Dando, Malcolm, Epstein, Gerald L., Issues in Science and Technology


In his comprehensive discussion of the problem of "Securing Life Sciences Research in an Age of Terrorism" (Issues, Fall, 2006), Ronald M. Atlas rightly closes by noting that "further efforts to establish a culture of responsibility are needed to ensure fulfillment of the public trust and the fiduciary obligations it engenders to ensure that life sciences research is not used for bioterrorism or biowarfare." This raises the question of whether practicing life scientists are able to generate a culture of responsibility.

As we move towards the sixth review conference of the Biological and Toxin Weapons Convention (BTWC) in Geneva (November 20 to 8 December, 2006), we can be sure that attention will be given to the scope and pace of change in the life sciences and the need for all to understand that any such developments are covered by the prohibitions embodied in the convention.

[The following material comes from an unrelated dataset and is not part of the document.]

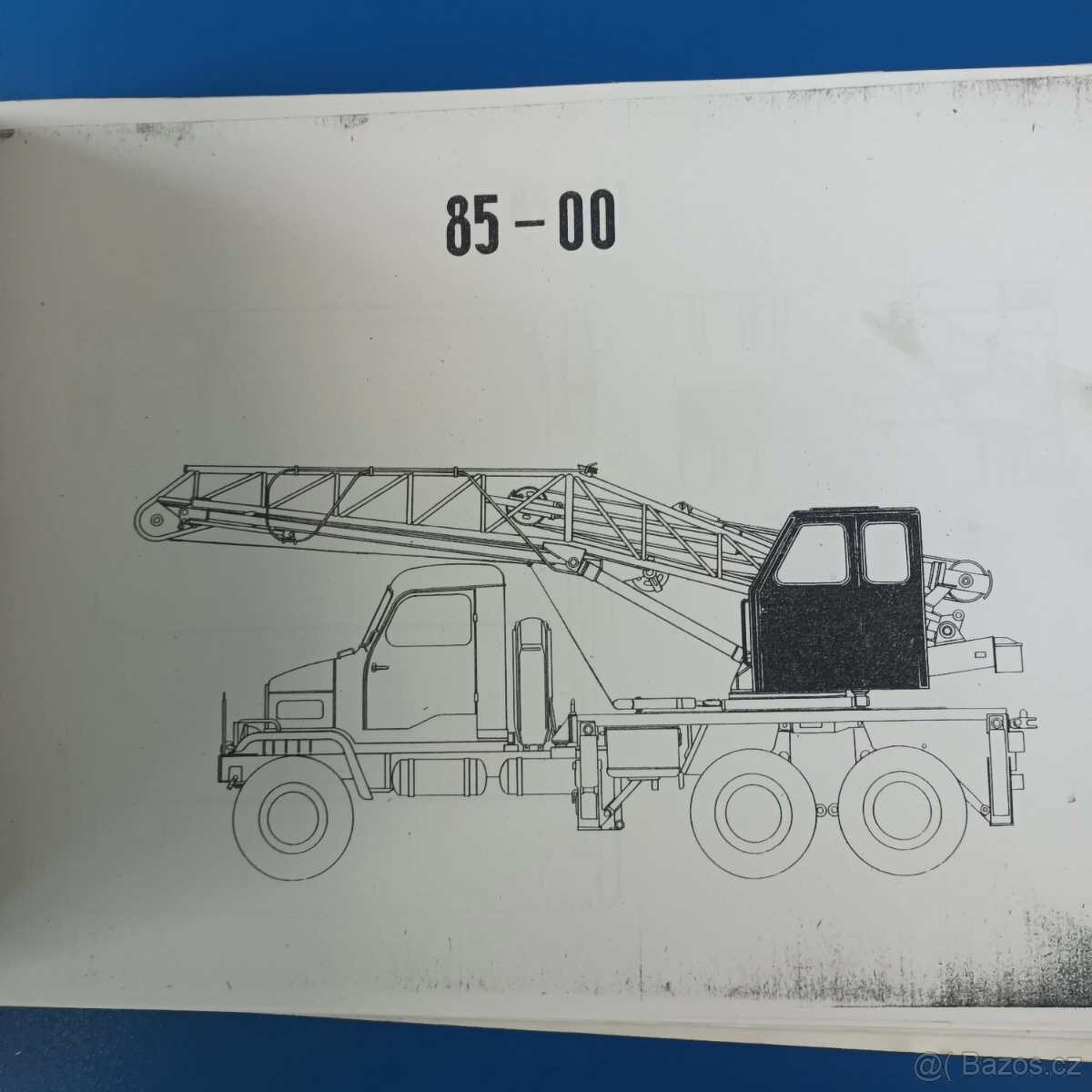AUTOJEŘÁB PRAGA V3S AD-060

Yet despite the acknowledgement at previous Review Conferences of the importance of education for life scientists in strengthening the effectiveness of the BTWC, and the encouragingly wide participation of life scientists and their international and national organizations in the 2005 BTWC meetings on codes of conduct, as a number of States Parties noted then, there is still a great need among life scientists for awareness-raising on these issues so that their expertise may be properly engaged in finding solutions to the many problems outlined by Atlas. My own discussions in interactive seminars carried out with my colleague Brian Rappert and involving numerous scientists in the United Kingdom, United States, Europe, and South Africa over the past two years have impressed on me how little knowledge most practicing life scientists have of the concerns that are growing in the security community about the potential misuse of life sciences research by those with malign intent (see M. R. Dando, "Article IV: National Implementation: Education, Outreach and Codes of Conduct," in Strengthening the Biological Weapons Convention: Key Points for the Sixth Review Conference, G. S. Pearson, N. A. Sims, and M. R. Dando, eds. (Bradford, UK: University of Bradford, 2006), 119-134; available at www.brad.ac.uk/acad/sbtwc).

I therefore believe that a culture of responsibility will come about only after a huge educational effort is undertaken around the world. Constructing the right educational materials and ensuring that they are widely used will be a major task, and I doubt that it is possible without the active participation of the States Parties to the Convention. It is therefore to be hoped that the Final Declaration of the Review Conference includes agreements on the importance of education and measures, such as having one of the inter-sessional meetings before the next review in 2011 consider educational initiatives, to ensure that a process of appropriate education takes place.

MALCOLM DANDO

Professor of International Security

Department of Peace Studies

University of Bradford

Bradford, United Kingdom

m.r.dando@bradford.ac.uk

As Ronald M. Atlas' excellent discussion shows, it is important for the bioscience and biotechnology communities to do whatever they can--such as education and awareness, proposal review, pathogen and laboratory security, and responsible conduct--to prevent technical advances from helping those who deliberately intend to inflict harm.